Member of Tamil Nadu Legislative Assembly
- Incumbent
- Assumed office 4 May 2026
- Preceded by: K. N. Vijayakumar
- Constituency: Tiruppur North

Member of Parliament, Lok Sabha
- In office 18 May 2014 – 20 May 2019
- Preceded by: C. Sivasamy
- Succeeded by: K. Subbarayan
- Constituency: Tiruppur

Personal details
- Born: 22 March 1972 (age 54) Erode, Tamil Nadu
- Party: Tamizhaga Vetri Kazhagam (2025 - Present)
- Other political affiliations: All India Anna Dravida Munnetra Kazhagam (2014–2025)
- Spouse: Shri. N. Vasu
- Children: 1
- Occupation: Agriculturalist

= V. Sathyabama =

Indian politician

V. Sathyabama is an Indian politician and Former Member of Parliament elected from Tamil Nadu.
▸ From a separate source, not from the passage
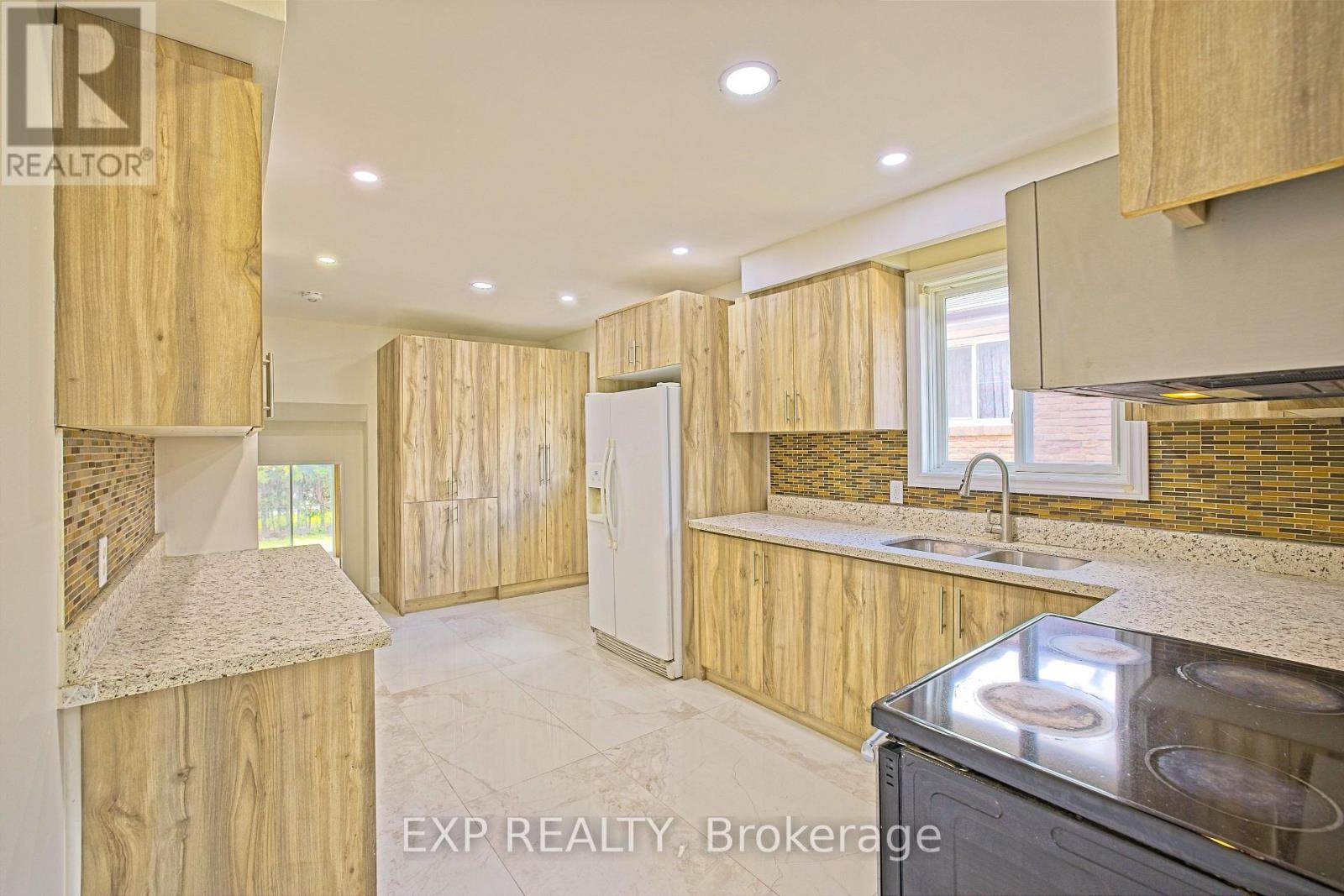 Upper - 4 Fallway Road, Brampton, Ontario  L6V 3H2 - Photo 8 - W13129884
She was elected to the 16th Lok Sabha from Tiruppur constituency as an Anna Dravida Munnetra Kazhagam candidate in the 2014 election.

Sathyabhama on 27 November 27 joined Tamilaga Vettri Kazhagam (TVK) at the party office in Panaiyur near Chennai in the presence of Vijay.